This doesn’t convey half of the film’s bizarre detours and unexplained reveals. In one scene, a Q&A between a museum staffer and a pompous modern artist is continually disrupted by the staccato curses of a supposedly Tourette’s-suffering patron, who is met with a mixture of derision and politically correct calls for acceptance. In another diversion — arguably the best scene in the film — a posh gala fundraiser becomes the canvas for a performance art piece by an actor impersonating a wild animal — pestering guests and toppling the place settings until the performer’s Method immersion seemingly goes too far, leading to actual physical harm.

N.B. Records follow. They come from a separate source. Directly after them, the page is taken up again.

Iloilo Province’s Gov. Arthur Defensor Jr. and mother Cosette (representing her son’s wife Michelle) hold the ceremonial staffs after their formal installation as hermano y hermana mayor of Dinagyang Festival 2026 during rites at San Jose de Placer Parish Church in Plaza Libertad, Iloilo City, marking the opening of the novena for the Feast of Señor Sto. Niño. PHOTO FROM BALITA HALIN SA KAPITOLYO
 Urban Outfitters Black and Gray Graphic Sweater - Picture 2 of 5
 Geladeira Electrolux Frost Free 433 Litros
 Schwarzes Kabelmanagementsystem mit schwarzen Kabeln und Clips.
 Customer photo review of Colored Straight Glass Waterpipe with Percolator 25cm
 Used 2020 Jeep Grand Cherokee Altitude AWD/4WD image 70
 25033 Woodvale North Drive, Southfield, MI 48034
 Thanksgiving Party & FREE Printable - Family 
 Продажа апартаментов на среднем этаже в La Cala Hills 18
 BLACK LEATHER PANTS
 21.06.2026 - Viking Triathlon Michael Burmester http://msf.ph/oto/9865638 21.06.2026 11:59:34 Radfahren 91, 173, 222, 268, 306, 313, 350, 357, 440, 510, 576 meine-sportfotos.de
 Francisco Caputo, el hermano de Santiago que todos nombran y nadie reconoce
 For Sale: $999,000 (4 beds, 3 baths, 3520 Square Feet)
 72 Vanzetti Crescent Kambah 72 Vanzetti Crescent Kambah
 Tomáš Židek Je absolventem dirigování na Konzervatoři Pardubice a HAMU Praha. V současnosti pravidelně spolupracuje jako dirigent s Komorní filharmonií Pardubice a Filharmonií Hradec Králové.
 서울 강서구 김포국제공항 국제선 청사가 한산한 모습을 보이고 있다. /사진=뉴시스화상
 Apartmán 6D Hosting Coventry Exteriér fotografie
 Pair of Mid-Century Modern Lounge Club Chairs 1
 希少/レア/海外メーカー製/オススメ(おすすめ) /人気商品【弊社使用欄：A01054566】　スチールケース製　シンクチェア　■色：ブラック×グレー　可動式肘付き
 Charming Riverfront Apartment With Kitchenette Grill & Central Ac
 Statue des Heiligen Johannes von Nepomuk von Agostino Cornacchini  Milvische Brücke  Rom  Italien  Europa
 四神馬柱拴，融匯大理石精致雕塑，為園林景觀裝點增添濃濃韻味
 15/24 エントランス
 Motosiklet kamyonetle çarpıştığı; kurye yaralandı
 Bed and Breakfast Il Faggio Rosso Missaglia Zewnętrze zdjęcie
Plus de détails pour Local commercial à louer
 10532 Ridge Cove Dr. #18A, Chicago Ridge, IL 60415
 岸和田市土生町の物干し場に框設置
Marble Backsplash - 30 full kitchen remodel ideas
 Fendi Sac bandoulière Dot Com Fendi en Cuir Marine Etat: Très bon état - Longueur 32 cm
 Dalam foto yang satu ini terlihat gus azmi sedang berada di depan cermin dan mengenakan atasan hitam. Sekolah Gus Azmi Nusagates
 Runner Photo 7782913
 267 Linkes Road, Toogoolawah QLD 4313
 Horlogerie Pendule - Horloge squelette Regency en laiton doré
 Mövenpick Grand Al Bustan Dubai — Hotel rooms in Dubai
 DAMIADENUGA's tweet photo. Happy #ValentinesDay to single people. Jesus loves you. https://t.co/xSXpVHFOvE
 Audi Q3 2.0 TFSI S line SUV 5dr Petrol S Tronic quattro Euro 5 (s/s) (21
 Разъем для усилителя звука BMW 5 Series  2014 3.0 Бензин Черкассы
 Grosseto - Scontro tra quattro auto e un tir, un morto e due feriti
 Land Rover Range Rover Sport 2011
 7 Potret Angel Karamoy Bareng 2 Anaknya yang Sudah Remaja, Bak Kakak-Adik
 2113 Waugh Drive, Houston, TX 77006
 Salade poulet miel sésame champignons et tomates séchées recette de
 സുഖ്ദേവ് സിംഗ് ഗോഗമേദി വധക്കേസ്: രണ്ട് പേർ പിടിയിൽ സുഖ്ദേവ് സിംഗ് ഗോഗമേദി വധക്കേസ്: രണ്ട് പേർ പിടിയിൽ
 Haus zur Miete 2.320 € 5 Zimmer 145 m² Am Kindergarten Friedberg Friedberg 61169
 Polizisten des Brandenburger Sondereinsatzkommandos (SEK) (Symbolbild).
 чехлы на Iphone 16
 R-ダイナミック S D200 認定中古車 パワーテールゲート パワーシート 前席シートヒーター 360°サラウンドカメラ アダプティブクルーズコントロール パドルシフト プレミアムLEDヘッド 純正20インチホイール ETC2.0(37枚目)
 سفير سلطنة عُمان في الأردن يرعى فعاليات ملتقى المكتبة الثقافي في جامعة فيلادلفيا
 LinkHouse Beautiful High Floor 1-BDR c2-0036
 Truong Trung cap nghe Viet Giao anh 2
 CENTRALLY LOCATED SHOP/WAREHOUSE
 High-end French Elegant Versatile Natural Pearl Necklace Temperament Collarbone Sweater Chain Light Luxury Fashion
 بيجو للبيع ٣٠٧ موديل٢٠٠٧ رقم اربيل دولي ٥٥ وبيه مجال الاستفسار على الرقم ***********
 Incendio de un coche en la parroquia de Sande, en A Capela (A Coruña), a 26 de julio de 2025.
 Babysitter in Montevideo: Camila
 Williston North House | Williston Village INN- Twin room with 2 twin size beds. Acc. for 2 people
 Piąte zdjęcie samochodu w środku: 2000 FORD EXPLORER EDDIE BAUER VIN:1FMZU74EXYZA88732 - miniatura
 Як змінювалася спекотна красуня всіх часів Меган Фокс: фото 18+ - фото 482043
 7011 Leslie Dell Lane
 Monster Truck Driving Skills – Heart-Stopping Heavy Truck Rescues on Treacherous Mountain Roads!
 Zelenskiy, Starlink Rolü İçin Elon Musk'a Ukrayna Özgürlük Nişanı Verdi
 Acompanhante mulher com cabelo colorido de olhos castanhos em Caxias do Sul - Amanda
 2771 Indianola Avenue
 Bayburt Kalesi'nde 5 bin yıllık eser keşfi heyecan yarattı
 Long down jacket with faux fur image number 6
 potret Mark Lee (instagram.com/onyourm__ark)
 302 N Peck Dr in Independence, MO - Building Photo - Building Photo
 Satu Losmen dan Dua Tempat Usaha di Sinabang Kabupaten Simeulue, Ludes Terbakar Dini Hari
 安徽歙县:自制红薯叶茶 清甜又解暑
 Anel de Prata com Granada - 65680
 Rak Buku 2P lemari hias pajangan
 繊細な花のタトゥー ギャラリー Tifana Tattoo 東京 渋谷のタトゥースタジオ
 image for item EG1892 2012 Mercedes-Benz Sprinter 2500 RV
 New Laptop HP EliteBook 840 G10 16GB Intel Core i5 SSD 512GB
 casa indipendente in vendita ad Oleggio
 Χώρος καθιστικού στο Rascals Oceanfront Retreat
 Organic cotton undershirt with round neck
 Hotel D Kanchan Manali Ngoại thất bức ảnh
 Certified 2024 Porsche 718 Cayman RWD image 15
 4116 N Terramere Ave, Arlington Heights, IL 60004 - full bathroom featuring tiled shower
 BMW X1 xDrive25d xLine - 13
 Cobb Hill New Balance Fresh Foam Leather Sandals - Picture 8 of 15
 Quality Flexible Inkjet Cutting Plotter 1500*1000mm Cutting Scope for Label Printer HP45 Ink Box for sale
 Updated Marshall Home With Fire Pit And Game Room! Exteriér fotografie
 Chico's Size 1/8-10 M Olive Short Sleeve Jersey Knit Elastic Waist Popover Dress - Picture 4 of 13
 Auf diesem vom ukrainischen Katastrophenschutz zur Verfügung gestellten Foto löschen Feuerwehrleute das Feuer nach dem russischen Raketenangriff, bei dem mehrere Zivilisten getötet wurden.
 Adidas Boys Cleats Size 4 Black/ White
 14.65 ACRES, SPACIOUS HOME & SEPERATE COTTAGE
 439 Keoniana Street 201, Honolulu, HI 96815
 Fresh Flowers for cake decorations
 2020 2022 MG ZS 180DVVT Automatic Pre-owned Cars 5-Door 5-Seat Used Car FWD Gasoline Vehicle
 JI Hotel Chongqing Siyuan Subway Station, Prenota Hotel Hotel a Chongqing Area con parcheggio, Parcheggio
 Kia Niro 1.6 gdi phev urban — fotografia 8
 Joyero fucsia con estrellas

Or does it? Everything in the museum is a potential hall of mirrors, every interruption a possible ruse, every disruptive cellphone ring a coordinated trigger yielding uncomfortable revelations about complicity, complacency and perversity in the mass public. “The Square” is filled with either random or engineered psychological experiments between the art and the people experiencing it. We haven’t even gotten to Christian’s one-night stand with a screwball American journalist (Elisabeth Moss at her best), who happens to cohabitate with an adult chimpanzee. Don’t ask.
“Do you want to save a human life?” This query is pitched by a woman on the same square in Stockholm (there are squares everywhere in the film’s visual palette, if you look for them) where Christian is mugged. We never learn whom she’s trying to “save;” she’s ignored by everyone, much like the proliferation of homeless people around which the businessmen swerve on their routes to work. Lurking behind the movie’s gags and pranks, its First World problems and mystery-novel solutions, is an acknowledgement of unbridgeable social, cultural and economic chasms.
For all its sometimes-inexplicable tangents — and its question mark of an ending — on this regard it’s clear where Östlund’s sympathies lie. His savage treatment of the callous bourgeoisie has an echo of Buñuel and Pasolini, yet he’s smart enough to recognize that the elite almost always wins.
But what is winning when nothing makes sense? Your answer is as good as mine. The thrill is in the question.
THE SQUARE. Director: Ruben Östlund; Cast: Claes Bang, Elisabeth Moss, Dominic West; Distributor: Magnolia; Rated R; in Swedish and English. Opens Friday at Miami Beach Cinematheque and the Tower Theater in Miami; expands to Cinema Paradiso Hollywood on Nov. 22 and the Lake Worth Playhouse on Dec. 1.